How do I approach questions like this?

2. Feb 1, 2005

### dextercioby

Do you know what an inflexion point is???My guess is that u don't...So how about read and then tackle problems...??

Daniel.

3. Feb 1, 2005

Set $$\frac{d^2y}{dx^2} = 0$$

4. Feb 1, 2005

### daster

...

What do you think I'm doing?

5. Feb 1, 2005

### dextercioby

You weren't after the inflexion points...You were determining the critical points which is something totally different.

Daniel.

6. Feb 1, 2005

### daster

My book says:
If f'(x)=0 and f''(x)=0, the turning point is a point of inflexion.

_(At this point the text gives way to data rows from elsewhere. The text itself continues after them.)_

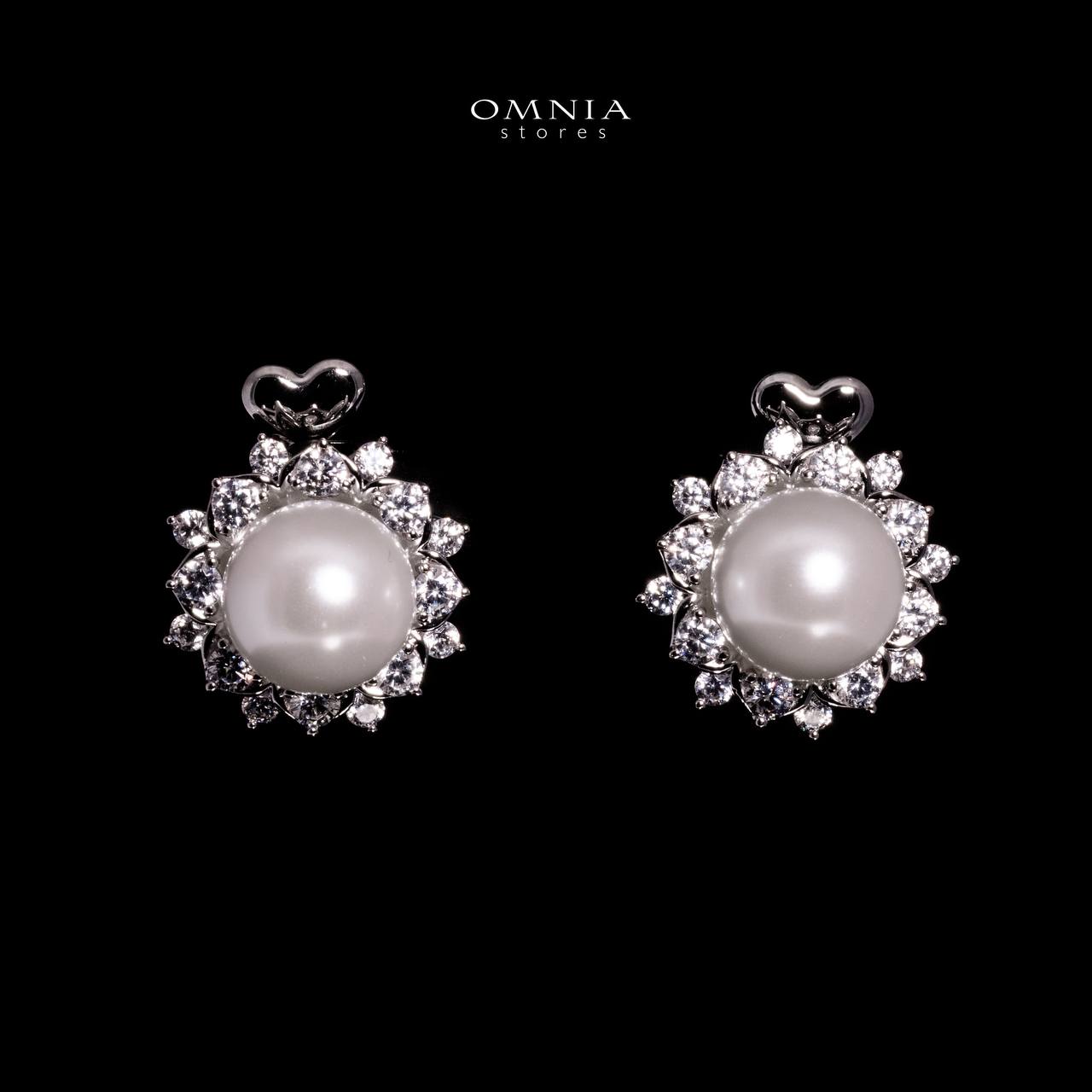 Omnia Alaya Silver Pearl Earrings In 925 Silver With High Quality Lab Crafted Stones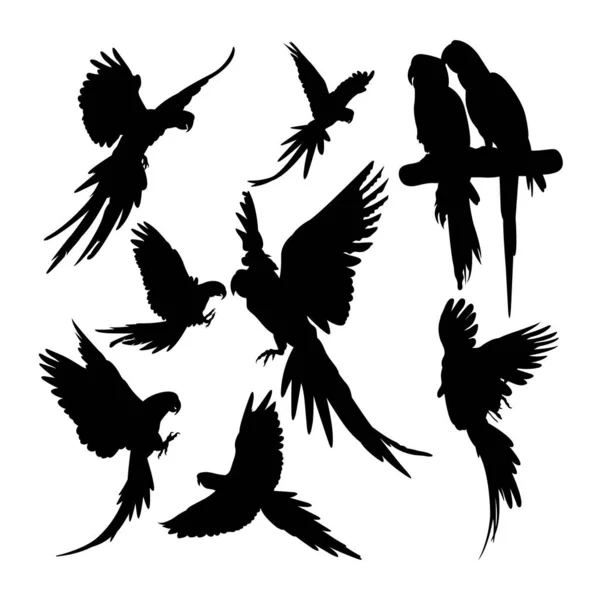 オウムの鳥の動物のシルエット シンボル アイコン マスコット サイン またはあなたが望むデザインに適しています — ストックベクタ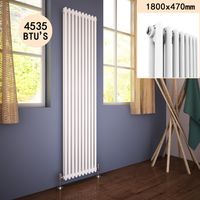 ELEGANT 1800 x 470 mm Traditional Radiator Cast Iron Style Radiator White Double Vertical Column Radiators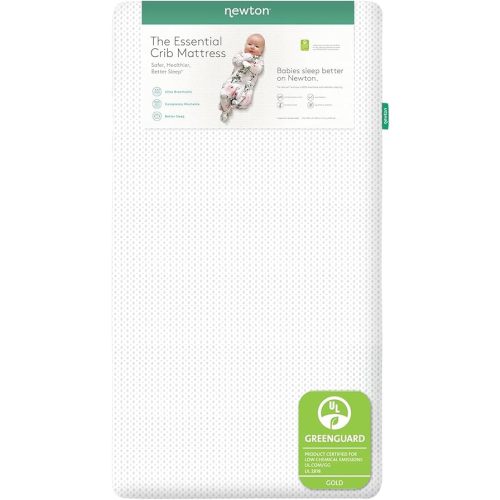 Newton Baby Essential Crib Mattress - Safe, Ultra-Breathable & Machine Washable Infant Crib Mattress, Removable Cover, Thick Cushion - White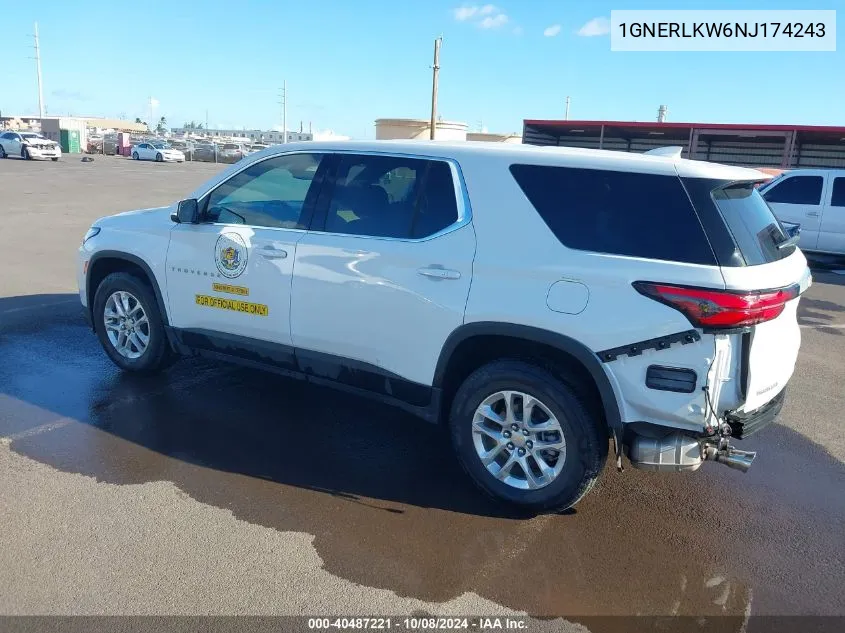 2022 Chevrolet Traverse Fwd 1Fl VIN: 1GNERLKW6NJ174243 Lot: 40487221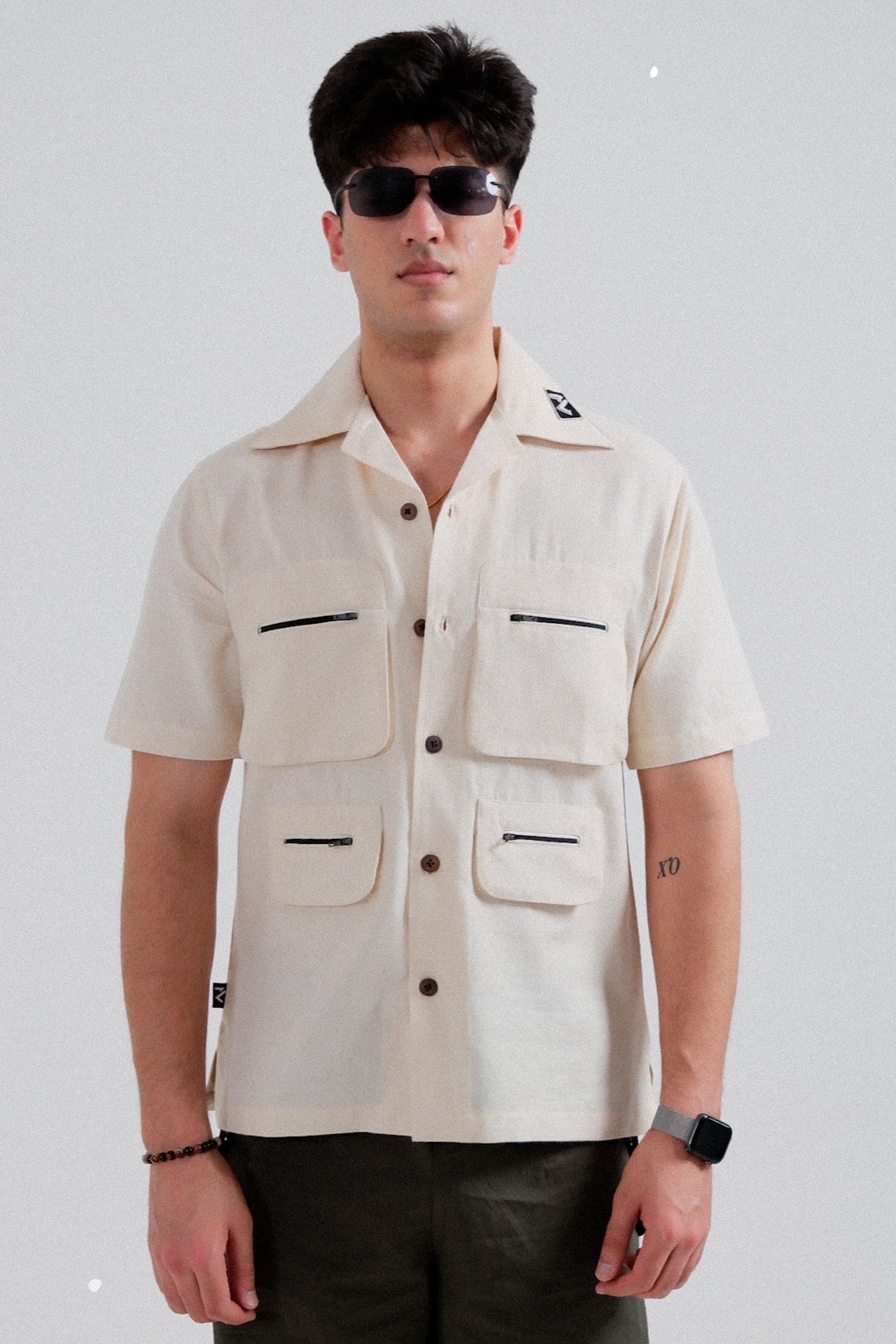 White handmade cargo shirt (Unisex)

So I did that, but I can't find values of x that make f'(x) and f''(x) equal to zero...

7. Feb 1, 2005

### daster

Wait, nevermind, the problem was with my differentiation.

8. Feb 1, 2005

### dextercioby

The definition of an inflexion point is that of a point x* for which THE SECOND DERIVATIVE COMPUTED IN THAT POINT IS ZERO AND MOREOVER IT CHANGES THE SIGN...(plus-->minus or viceversa).

Daniel.

Last edited: Feb 1, 2005
9. Feb 1, 2005

### hypermorphism

Just for the original poster's benefit, this isn't necessarily true. An inflection point is where the graph of a function changes concavity (measured by the sign of the second derivative). You should always check the behavior of the second derivative around points where f'(x)=f''(x)=0 in order to make sure that concavity changes, as it's naive to assume the second derivative (or any function) changes sign whenever the function hits 0.
For example, the function f(x)=x^4 has f''(0)=f'(0)=0, but (0,0) is not a point of inflection. It's just very, very flat. As dexter said, I also disagree with the wording of the statement. Points where f'(x)=0 should be called critical points, not turning points.
If your statement above was indicative of the wording of your book and this is all your book has to say about points of inflection, I would consider learning from another source, or complaining to the professor.

Last edited: Feb 1, 2005
10. Feb 2, 2005

### HallsofIvy

That does NOT say that f'(x) and f"(x) must both be zero for x to be an inflexion point. It says that IF f'(x)= 0 and f"(x)= 0 then the point is BOTH a turning point and a point of inflexion. i.e. it is a turning point AND a point of inflexion.

11. Feb 2, 2005

### hypermorphism

Hi Halls,
The statement in the book is still false (as shown above). The book may be defining "point of inflection" this way, but it doesn't fit any other definition I've seen and has no unique graphical meaning beyond "Well, f''(x)=0 at that point.".
To the original poster, remember that a point of inflection is a point where the second derivative (concavity) changes sign. Study the behavior of the second derivative to see whether there are any such points. As HallsofIvy said, the first derivative need not be 0 at a point of inflection. The function f(x)=cos(x) has a point of inflection at x=pi/2, for example.

Last edited: Feb 2, 2005
12. Feb 2, 2005

### HallsofIvy

Thank you. That occured to me but I didn't say it. f"= 0 is a necessary condition but not sufficient! If y= x4 then f"(x)= 12x2.
The second derivative is 0 at x= 0 but does not change sign there. (0,0) is NOT an inflexion point.